Between June and November, 1991, the Paloni's and D & P Mushroom purchased over $70,000 worth of compost from Hudson Farms for which no payment was made. On January 13, 1992, Hudson Farms filed a statement of claim for a mechanic's lien against the Paloni's, D & P Mushroom and McGrellis.[1] At the time it filed the mechanic's lien action, Hudson Farms was not licensed to do business in the State of Delaware and had not filed the documentation required under 8 Del.C. § 371.[2]
On April 7, 1992, McGrellis filed a motion for summary judgment, asserting that Hudson Farms was a foreign corporation not licensed to do business in Delaware and was, therefore, barred from bringing the mechanic's lien action.
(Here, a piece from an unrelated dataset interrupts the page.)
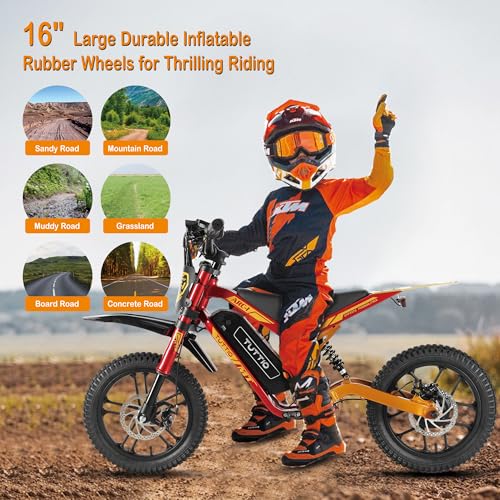 ARC-I 36V Electric Dirt Bike for Kids 5-8, 750W, 22MPH, 16" Tires W181791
The parties argued McGrellis' motion before the Superior Court on May 12, 1992. The only issue addressed by the Superior Court was whether Hudson Farms was licensed to do business in Delaware at the time it filed the action. Having determined that Hudson Farms was not licensed at that time, the court held that 8 Del.C. § 383 barred Hudson Farms from bringing suit and "dismissed" the action without prejudice.[3] Although *217 the court ruled that its decision was not "res judicata" and Hudson Farms could reinstitute suit when it complied with § 371, the practical effect of the Superior Court's ruling was to defeat Hudson Farms' cause of action because the time period for filing a mechanic's lien had expired.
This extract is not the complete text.